I say, “That’s right; and what happens if you push down near the edge, halfway between two of the legs?”

“It flips over!”

I say, “OK! That’s better!”

The point is that the student had not realized that these were not just mathematical problems; they described a real table with legs. Actually, it wasn’t a real table, because it was perfectly circular, the legs were straight up and down, and so on. But it nearly described, roughly speaking, a real table, and from knowing what a real table does, you can get a very good idea of what this table does without having to calculate anything—you know darn well where you have to lean to make the table flip over.

So, how to explain that, I don’t know! But once you get the idea that the problems are not mathematical problems but physical problems, it helps a lot.

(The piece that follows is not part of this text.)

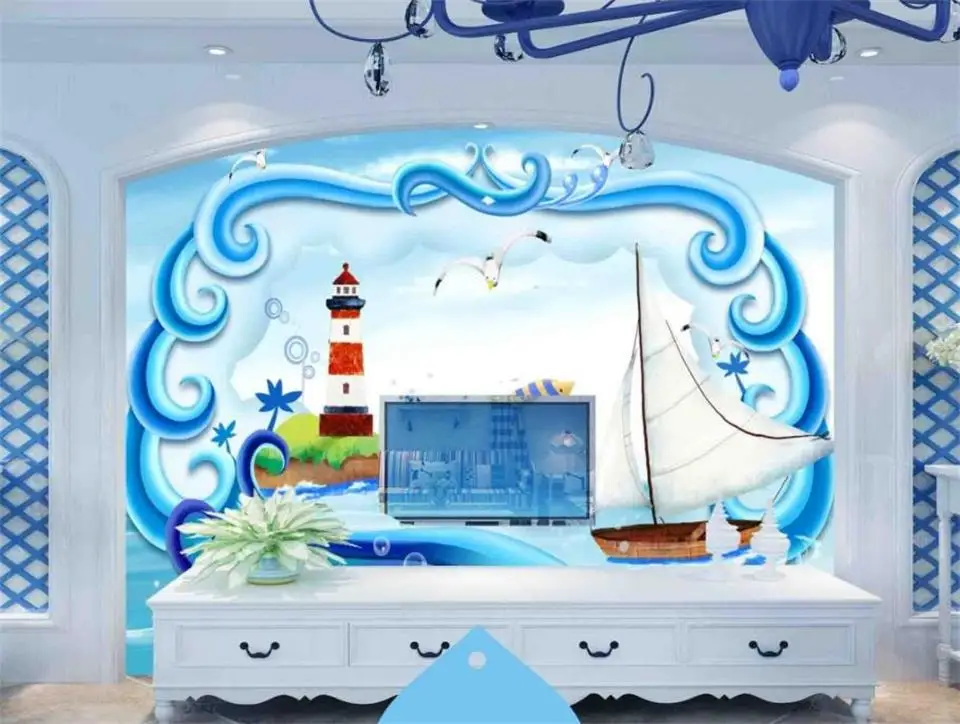 3D обои на заказ фотообои для гостиной с плавной росписью все готово задний фон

This passage makes a point similar to the one in Glen Coughlin's introduction to his translation of Aristotle's Physics: that knowledge and thoughts about the physical world are prior to the abstract knowledge of modern mathematical physics:

To understand Newton's argument for universal gravitation, one must have experience of weight in things and in oneself, of the motion of the stars and planets and moons. Knowing calculus is not enough. This hybrid science [mathematical physics], then, comes after the consideration of nature through non-mathematical means.


Richard P. Feynman, Michael A. Gottlieb, Ralph Leighton, Feynman's Tips on Physics: A Problem-Solving Supplement to the Feynman Lectures on Physics (Boston: Pearson, 2006), 52-53.

Aristotle, Physics, or Natural Hearing, trans. Glen Coughlin (South Bend, IN: St. Augustine’s Press, 2005), xii.